For instance given the diff below that removes clang:

diff --git a/drivers/hid/bpf/entrypoints/README b/drivers/hid/bpf/entrypoints/README
index 147e0d41509f..f88eb19e8ef2 100644
--- a/drivers/hid/bpf/entrypoints/README
+++ b/drivers/hid/bpf/entrypoints/README
@@ -1,4 +1,4 @@
WARNING:
If you change "entrypoints.bpf.c" do "make -j" in this directory to rebuild "entrypoints.skel.h".
-Make sure to have clang 10 installed.
+Make sure to have 10 installed.
See Documentation/bpf/bpf_devel_QA.rst

The new role/rolestats output includes ":Keyword:\b(?i:clang|llvm)\b"
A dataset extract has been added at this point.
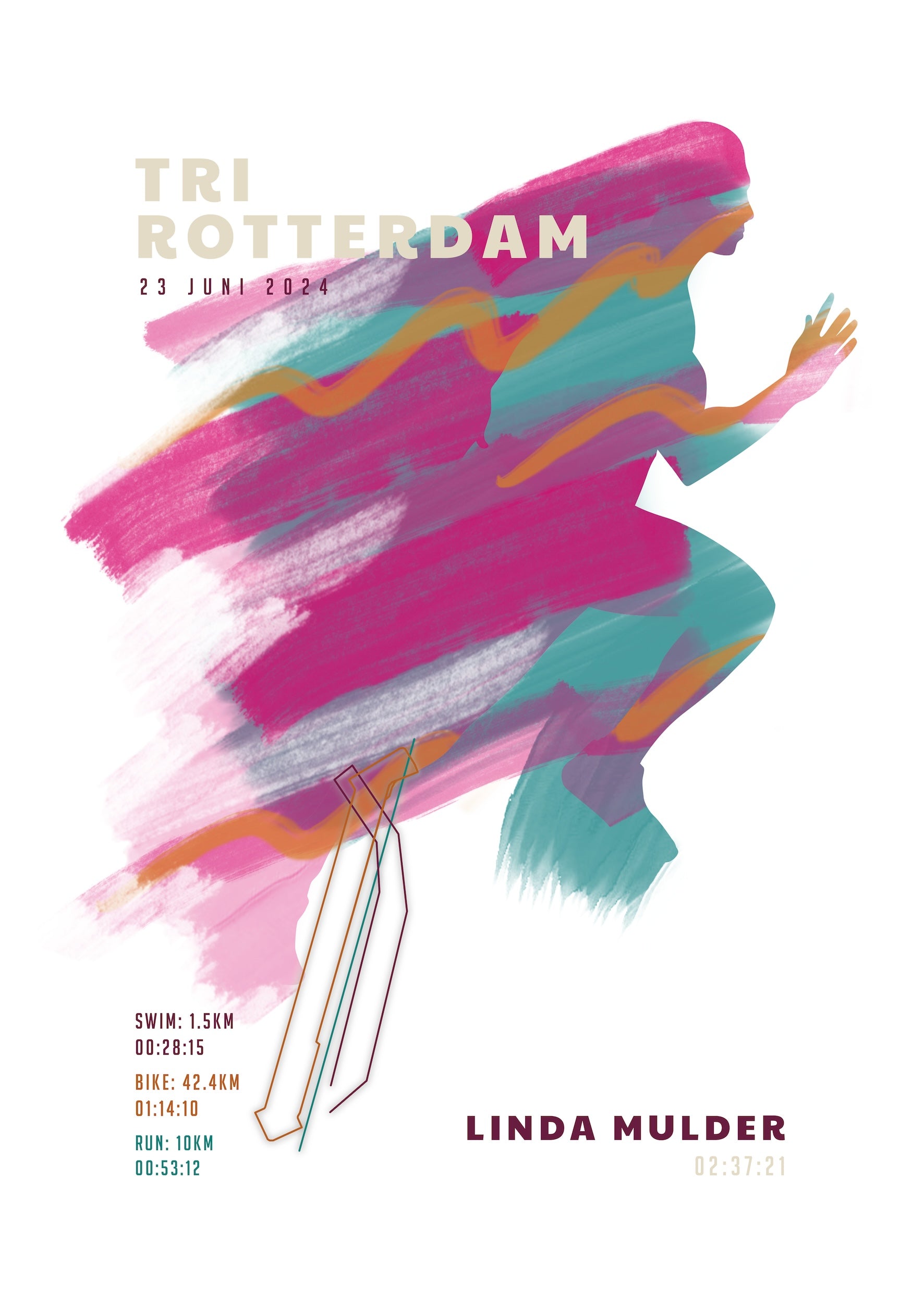 Tri Rotterdam - Sportive Art - Poster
$ git diff drivers/hid/bpf/entrypoints/README | .scripts/get_maintainer.pl
Jiri Kosina <[email protected]> (maintainer:HID CORE LAYER,commit_signer:1/1=100%)
Benjamin Tissoires <[email protected]> (maintainer:HID CORE LAYER,commit_signer:1/1=100%,authored:1/1=100%,added_lines:4/4=100%)
Nathan Chancellor <[email protected]> (supporter:CLANG/LLVM BUILD SUPPORT:Keyword:\b(?i:clang|llvm)\b)
Nick Desaulniers <[email protected]> (supporter:CLANG/LLVM BUILD SUPPORT:Keyword:\b(?i:clang|llvm)\b)
Tom Rix <[email protected]> (reviewer:CLANG/LLVM BUILD SUPPORT:Keyword:\b(?i:clang|llvm)\b)
Greg Kroah-Hartman <[email protected]> (commit_signer:1/1=100%)
[email protected] (open list:HID CORE LAYER)
[email protected] (open list)
[email protected] (open list:CLANG/LLVM BUILD SUPPORT:Keyword:\b(?i:clang|llvm)\b)

Link: https://lore.kernel.org/r/[email protected]
Link: https://lore.kernel.org/all/[email protected]
Link: https://lore.kernel.org/all/[email protected]
Original-patch-by: Justin Stitt <[email protected]>
Signed-off-by: Joe Perches <[email protected]>
---
scripts/get_maintainer.pl | 38 ++++++++++++++++++++------------------
1 file changed, 20 insertions(+), 18 deletions(-)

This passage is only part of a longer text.